O plebiscito de autodeterminação era pretensamente vinculante (o Parlamento deveria aceitar seu resultado), apesar de carecer de censo eleitoral, resultados verificáveis e de um percentual mínimo de participação da população.

Desde a consulta, a sociedade catalã estava rompida e à beira de um enfrentamento. Mais de mil empresas, incluindo os principais bancos, estavam saindo da Catalunha. Ademais, o governo e o Parlamento já estavam claramente fora da lei e da Constituição, e a força policial da região, os Mossos d'Esquadra, haviam deixado de obedecer às ordens dos tribunais de Justiça.

Sobreveio, então, a declaração unilateral de independência, em 27 de outubro, por parte de 70 deputados do Parlamento regional, o que tornou inevitável a intervenção. Nessas circunstâncias, o governo central pôs em marcha o artigo 155 da Constituição, previsto especificamente para situações como a atual, isto é, quando uma autoridade regional desobedece à Constituição ou aos tribunais.
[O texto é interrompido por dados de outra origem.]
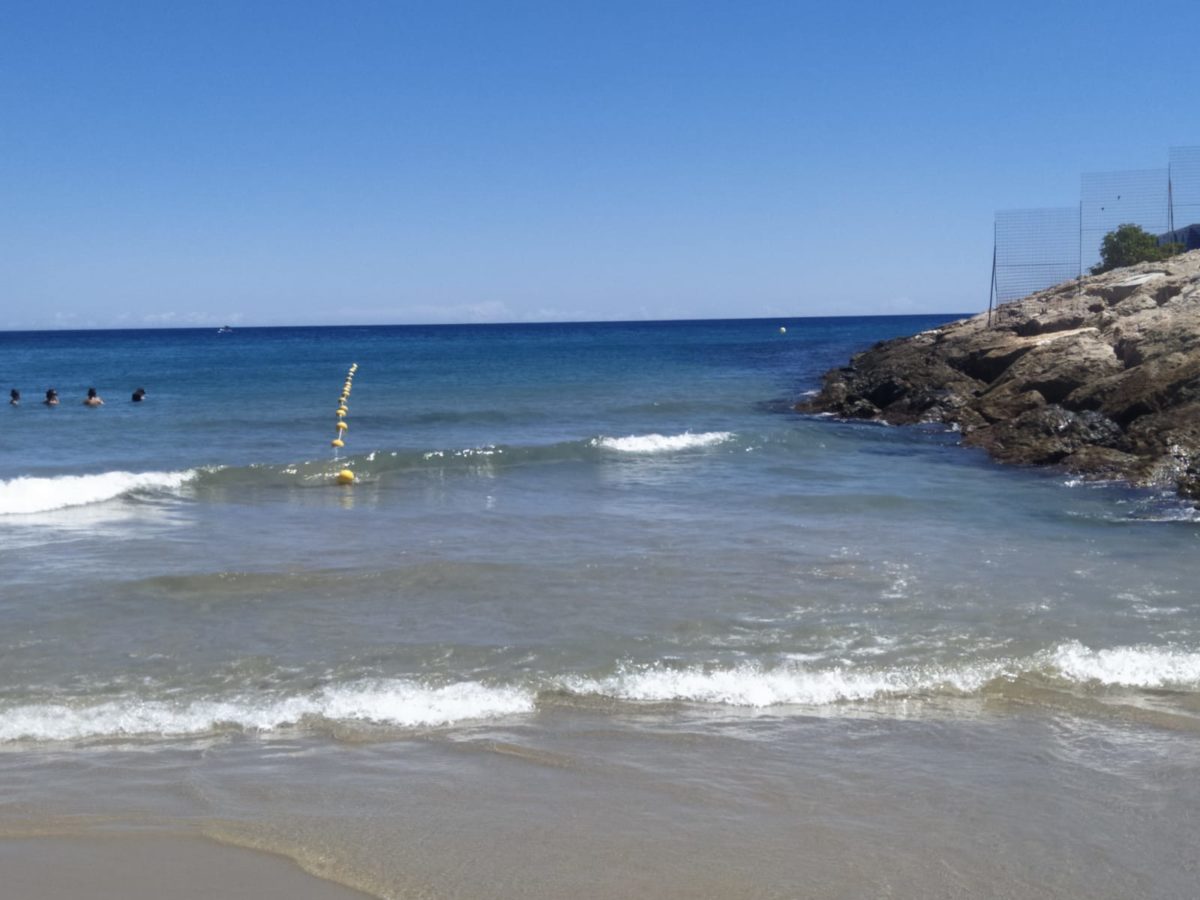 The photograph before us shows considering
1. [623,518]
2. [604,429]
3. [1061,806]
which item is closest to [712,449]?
[604,429]

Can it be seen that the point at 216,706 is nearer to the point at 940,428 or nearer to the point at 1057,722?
the point at 1057,722

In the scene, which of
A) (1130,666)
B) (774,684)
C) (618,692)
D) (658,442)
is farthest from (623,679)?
(658,442)

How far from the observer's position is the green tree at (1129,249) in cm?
3397

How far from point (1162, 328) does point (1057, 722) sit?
16.4 meters

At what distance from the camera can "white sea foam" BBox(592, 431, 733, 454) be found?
75.2 feet

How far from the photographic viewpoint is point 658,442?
78.4ft

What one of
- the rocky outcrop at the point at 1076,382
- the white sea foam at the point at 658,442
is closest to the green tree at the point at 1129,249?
the rocky outcrop at the point at 1076,382

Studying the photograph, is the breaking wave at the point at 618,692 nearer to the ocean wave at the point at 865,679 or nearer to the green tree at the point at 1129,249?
the ocean wave at the point at 865,679

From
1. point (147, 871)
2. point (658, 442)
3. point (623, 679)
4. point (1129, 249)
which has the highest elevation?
point (1129, 249)

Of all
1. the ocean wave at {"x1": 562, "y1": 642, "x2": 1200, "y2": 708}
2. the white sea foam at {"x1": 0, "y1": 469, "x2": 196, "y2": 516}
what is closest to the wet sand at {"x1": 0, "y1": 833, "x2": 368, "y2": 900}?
the ocean wave at {"x1": 562, "y1": 642, "x2": 1200, "y2": 708}

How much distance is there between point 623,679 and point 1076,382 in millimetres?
16831

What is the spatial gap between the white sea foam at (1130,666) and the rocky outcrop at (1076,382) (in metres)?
8.03

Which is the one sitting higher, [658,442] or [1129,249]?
[1129,249]

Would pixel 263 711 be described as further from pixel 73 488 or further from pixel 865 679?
pixel 73 488
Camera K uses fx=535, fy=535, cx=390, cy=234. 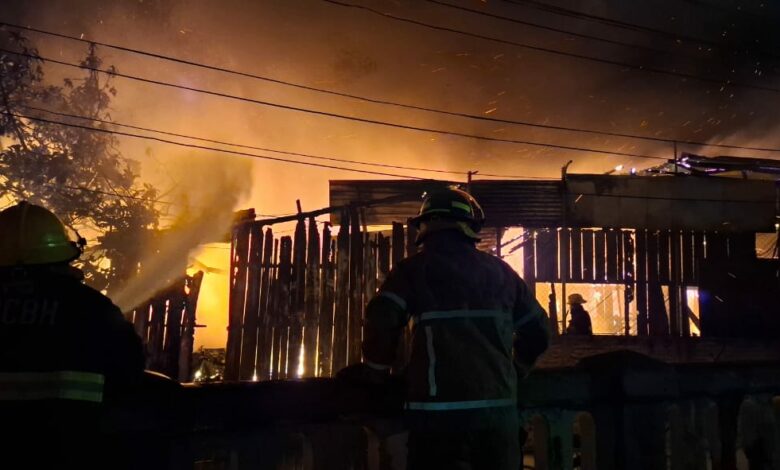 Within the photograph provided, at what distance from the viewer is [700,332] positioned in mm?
11836

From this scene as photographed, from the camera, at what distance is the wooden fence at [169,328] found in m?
8.77

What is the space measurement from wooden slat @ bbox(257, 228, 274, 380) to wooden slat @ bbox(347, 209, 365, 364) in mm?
1419

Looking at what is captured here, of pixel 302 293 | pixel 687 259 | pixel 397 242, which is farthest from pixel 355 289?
pixel 687 259

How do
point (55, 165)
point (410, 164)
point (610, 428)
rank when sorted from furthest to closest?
point (410, 164) < point (55, 165) < point (610, 428)

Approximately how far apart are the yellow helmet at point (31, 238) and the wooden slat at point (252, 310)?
284 inches

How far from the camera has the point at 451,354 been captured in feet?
7.86

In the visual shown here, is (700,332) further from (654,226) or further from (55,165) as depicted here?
(55,165)

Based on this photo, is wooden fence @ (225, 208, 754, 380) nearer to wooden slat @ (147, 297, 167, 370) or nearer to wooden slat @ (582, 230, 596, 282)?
wooden slat @ (147, 297, 167, 370)

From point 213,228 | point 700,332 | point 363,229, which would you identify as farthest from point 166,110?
point 700,332

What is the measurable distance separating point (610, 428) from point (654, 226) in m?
9.63

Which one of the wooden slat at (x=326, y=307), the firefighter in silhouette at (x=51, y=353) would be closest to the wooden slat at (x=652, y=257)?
the wooden slat at (x=326, y=307)

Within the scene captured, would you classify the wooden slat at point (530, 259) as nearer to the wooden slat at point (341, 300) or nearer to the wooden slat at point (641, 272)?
the wooden slat at point (641, 272)

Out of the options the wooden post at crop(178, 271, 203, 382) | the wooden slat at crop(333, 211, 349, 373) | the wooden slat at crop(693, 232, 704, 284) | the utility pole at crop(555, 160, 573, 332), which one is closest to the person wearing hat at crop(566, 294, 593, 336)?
the utility pole at crop(555, 160, 573, 332)

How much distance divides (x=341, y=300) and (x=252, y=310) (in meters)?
1.56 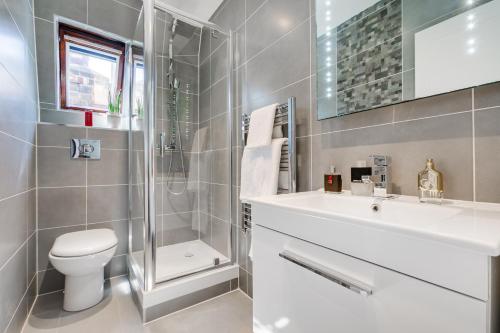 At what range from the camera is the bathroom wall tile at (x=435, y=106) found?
0.74 metres

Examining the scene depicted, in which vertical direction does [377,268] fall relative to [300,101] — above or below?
below

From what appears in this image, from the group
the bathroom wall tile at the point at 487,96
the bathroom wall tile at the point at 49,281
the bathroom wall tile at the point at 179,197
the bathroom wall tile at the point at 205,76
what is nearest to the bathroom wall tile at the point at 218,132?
the bathroom wall tile at the point at 205,76

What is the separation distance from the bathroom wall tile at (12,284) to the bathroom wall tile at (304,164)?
1.44 meters

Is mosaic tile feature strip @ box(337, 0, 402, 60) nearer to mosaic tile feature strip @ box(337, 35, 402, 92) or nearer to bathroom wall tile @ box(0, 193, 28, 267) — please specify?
mosaic tile feature strip @ box(337, 35, 402, 92)

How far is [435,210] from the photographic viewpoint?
0.69 meters

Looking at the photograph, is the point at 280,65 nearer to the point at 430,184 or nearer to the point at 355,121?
the point at 355,121

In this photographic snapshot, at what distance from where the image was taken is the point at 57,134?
1.75 metres

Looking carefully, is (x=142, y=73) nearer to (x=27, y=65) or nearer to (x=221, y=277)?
(x=27, y=65)

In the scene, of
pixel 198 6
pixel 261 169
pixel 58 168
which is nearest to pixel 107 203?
pixel 58 168

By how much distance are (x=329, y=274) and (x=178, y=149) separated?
4.41 feet

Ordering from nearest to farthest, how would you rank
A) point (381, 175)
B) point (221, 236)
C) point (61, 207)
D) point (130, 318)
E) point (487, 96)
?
point (487, 96) < point (381, 175) < point (130, 318) < point (61, 207) < point (221, 236)

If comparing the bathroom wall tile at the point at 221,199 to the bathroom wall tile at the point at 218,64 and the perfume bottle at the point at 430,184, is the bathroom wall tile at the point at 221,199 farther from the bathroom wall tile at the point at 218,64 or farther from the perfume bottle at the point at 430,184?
the perfume bottle at the point at 430,184

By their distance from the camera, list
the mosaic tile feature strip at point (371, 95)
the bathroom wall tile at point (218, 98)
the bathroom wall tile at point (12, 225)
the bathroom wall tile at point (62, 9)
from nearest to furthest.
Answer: the mosaic tile feature strip at point (371, 95) < the bathroom wall tile at point (12, 225) < the bathroom wall tile at point (62, 9) < the bathroom wall tile at point (218, 98)

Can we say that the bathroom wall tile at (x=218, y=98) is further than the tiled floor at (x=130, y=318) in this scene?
Yes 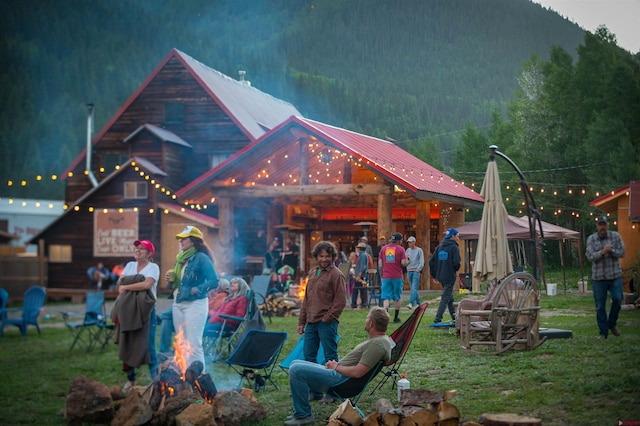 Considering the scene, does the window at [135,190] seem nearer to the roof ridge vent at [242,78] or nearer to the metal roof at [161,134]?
the metal roof at [161,134]

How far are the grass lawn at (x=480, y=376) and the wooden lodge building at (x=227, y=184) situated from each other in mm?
4176

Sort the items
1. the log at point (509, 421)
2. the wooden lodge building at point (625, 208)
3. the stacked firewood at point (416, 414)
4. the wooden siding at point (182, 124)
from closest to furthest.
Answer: the log at point (509, 421) → the stacked firewood at point (416, 414) → the wooden lodge building at point (625, 208) → the wooden siding at point (182, 124)

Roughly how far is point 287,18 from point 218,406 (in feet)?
33.2

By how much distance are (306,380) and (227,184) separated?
11.2 metres

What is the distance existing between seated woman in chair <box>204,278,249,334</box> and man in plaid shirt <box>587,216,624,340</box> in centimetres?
411

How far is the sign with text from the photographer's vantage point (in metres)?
21.6

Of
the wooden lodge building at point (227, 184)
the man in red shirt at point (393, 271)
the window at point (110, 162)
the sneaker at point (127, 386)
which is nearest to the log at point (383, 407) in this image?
the sneaker at point (127, 386)

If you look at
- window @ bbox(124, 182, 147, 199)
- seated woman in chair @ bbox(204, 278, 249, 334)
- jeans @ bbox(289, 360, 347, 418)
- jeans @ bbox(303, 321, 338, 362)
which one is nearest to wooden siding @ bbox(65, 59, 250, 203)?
window @ bbox(124, 182, 147, 199)

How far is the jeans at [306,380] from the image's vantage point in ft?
19.1

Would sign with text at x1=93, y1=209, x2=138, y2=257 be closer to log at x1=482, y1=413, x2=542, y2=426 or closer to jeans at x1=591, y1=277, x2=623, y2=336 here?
jeans at x1=591, y1=277, x2=623, y2=336

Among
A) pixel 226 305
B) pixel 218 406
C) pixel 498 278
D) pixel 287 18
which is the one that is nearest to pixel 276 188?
pixel 287 18

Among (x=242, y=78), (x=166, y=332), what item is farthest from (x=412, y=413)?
(x=242, y=78)

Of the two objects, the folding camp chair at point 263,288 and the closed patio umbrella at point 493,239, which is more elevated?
the closed patio umbrella at point 493,239

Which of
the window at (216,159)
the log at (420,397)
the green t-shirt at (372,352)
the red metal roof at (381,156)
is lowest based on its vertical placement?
the log at (420,397) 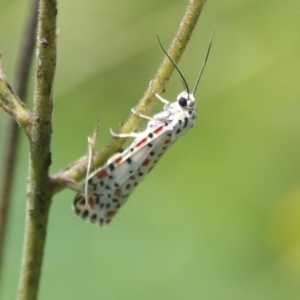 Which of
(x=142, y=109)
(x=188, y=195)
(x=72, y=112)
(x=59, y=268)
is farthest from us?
(x=72, y=112)

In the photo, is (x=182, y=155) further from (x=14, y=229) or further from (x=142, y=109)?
(x=142, y=109)

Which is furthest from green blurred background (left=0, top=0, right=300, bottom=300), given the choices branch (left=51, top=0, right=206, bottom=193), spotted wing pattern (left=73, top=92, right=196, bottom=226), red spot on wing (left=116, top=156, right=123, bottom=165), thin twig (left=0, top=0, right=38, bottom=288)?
branch (left=51, top=0, right=206, bottom=193)

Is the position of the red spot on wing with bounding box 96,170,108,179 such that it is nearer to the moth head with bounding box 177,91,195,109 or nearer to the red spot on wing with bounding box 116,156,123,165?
the red spot on wing with bounding box 116,156,123,165

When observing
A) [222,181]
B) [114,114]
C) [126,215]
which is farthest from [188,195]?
[114,114]

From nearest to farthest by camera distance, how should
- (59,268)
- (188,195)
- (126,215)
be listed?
(59,268)
(126,215)
(188,195)

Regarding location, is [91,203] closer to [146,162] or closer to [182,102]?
[146,162]

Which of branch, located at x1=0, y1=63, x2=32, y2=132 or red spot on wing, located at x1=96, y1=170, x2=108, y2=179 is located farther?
red spot on wing, located at x1=96, y1=170, x2=108, y2=179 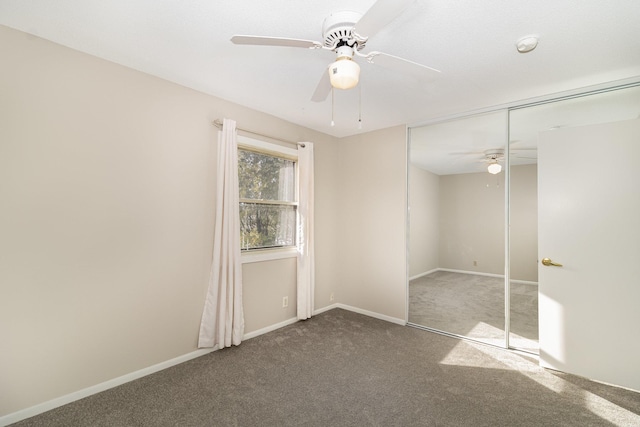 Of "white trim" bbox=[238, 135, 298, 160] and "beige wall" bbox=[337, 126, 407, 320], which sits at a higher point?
"white trim" bbox=[238, 135, 298, 160]

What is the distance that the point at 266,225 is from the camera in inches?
141

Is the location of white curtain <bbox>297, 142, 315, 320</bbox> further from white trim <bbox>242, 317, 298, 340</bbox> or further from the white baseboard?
the white baseboard

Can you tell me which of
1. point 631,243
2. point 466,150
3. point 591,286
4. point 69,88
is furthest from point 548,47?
point 69,88

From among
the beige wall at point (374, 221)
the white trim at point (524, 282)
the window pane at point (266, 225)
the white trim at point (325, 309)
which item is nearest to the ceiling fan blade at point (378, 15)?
the window pane at point (266, 225)

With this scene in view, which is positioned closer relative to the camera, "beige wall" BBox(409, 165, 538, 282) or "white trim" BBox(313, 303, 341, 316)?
"beige wall" BBox(409, 165, 538, 282)

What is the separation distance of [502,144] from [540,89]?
1.96 ft

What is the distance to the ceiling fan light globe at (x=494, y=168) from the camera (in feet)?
10.5

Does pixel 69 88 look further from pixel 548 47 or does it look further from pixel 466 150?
pixel 466 150

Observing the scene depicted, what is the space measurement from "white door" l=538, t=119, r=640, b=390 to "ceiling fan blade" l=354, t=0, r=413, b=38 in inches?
90.7

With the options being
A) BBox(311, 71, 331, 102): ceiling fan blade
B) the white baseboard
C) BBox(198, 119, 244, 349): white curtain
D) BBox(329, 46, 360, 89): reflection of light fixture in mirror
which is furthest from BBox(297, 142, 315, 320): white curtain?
BBox(329, 46, 360, 89): reflection of light fixture in mirror

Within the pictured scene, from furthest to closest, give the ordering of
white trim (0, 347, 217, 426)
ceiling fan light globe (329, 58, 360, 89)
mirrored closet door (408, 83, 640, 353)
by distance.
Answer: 1. mirrored closet door (408, 83, 640, 353)
2. white trim (0, 347, 217, 426)
3. ceiling fan light globe (329, 58, 360, 89)

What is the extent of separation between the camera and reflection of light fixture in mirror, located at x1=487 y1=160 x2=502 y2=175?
3.19 meters

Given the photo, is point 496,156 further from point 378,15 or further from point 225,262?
point 225,262

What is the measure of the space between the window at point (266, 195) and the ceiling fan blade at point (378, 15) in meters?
2.06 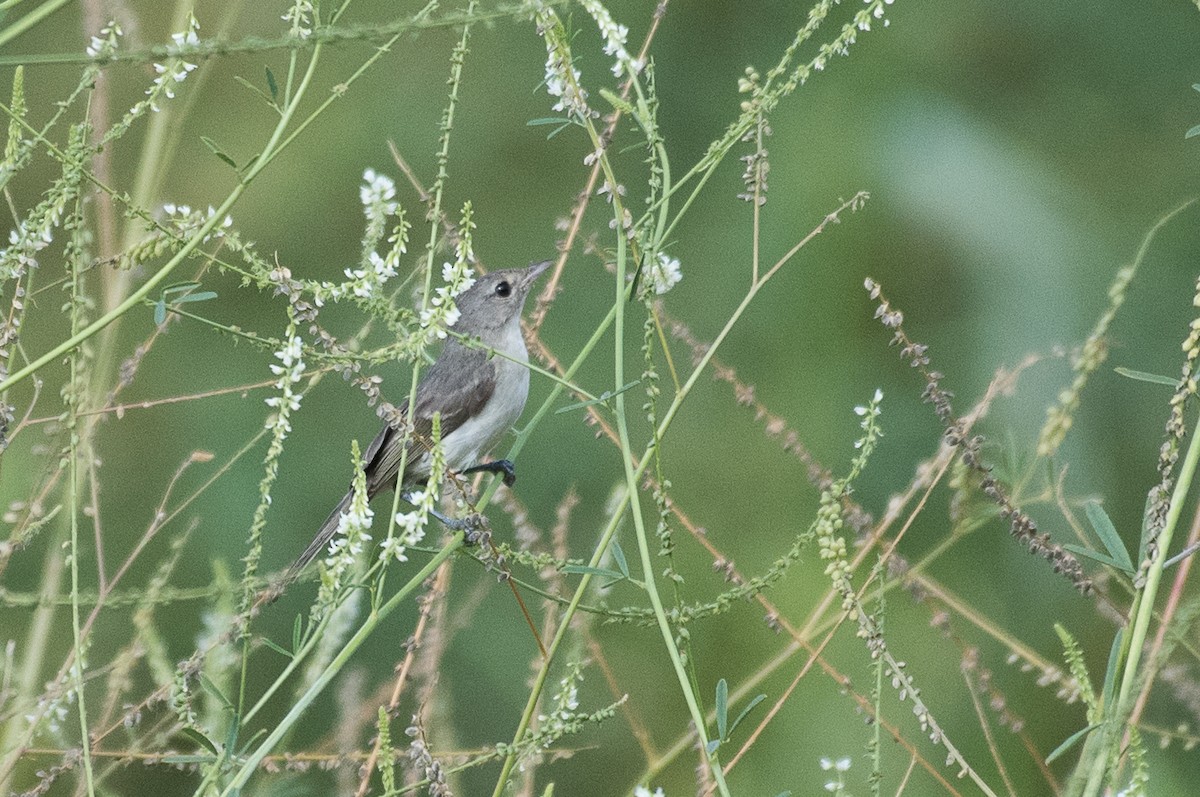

Trata-se de um artigo idêntico aos que existem em muitas Constituições federais, como a da Alemanha (artigo 37), e que permite, como foi o caso na Espanha, avisar as autoridades regionais de sua desobediência, dar-lhes prazo para retificação e, se continuam a descumprir a lei, tomar as medidas necessárias para que se restaure a legalidade.

No mesmo dia 27, o Senado espanhol aprovou, por 214 votos a favor, 47 contra e 1 abstenção, destituir o governo regional, dissolver o Parlamento catalão e convocar eleições naquela comunidade autônoma para 21 de dezembro.

Dessa maneira, os catalães terão a oportunidade de se expressar livremente, sem coação, e de eleger o governo que queiram para os próximos quatro anos.

Essas medidas não só contaram com o apoio do governista Partido Popular (conservador), mas também com o da principal sigla de oposição (o socialista PSOE) e do liberal Cidadãos, de centro. Esses três partidos obtiveram 16,5 milhões de votos nas eleições gerais de junho de 2015, ou 68,7% dos sufrágios.

Além disso, como se viu nas duas grandes manifestações ocorridas em Barcelona, uma parte importantíssima da população —a chamada "maioria silenciosa"— se mobilizou, por fim, para defender seus direitos e liberdades diante de um projeto secessionista construído à base de mentiras e falsidades, de modo semelhante ao "brexit" ou à campanha de Donald Trump nos EUA.

A democracia espanhola atuou com prudência, mesura e proporcionalidade para restaurar a ordem constitucional e impedir que uma minoria independentista impusesse à maioria dos catalães uma saída forçosa da União Europeia e uma perda sem paralelos de direitos e bem-estar.

A Espanha o fez, aliás, com apoio dos governos e instituições ligados à UE, preocupados com a repercussão que uma vitória do nacionalismo populista poderia ter sobre o resto do território europeu.

O problema catalão não está resolvido, mas por fim a democracia tomou a iniciativa, e a Constituição volta a vigorar na Catalunha.

JOSÉ IGNACIO TORREBLANCA é doutor em ciência política e editor de Opinião do jornal "El País"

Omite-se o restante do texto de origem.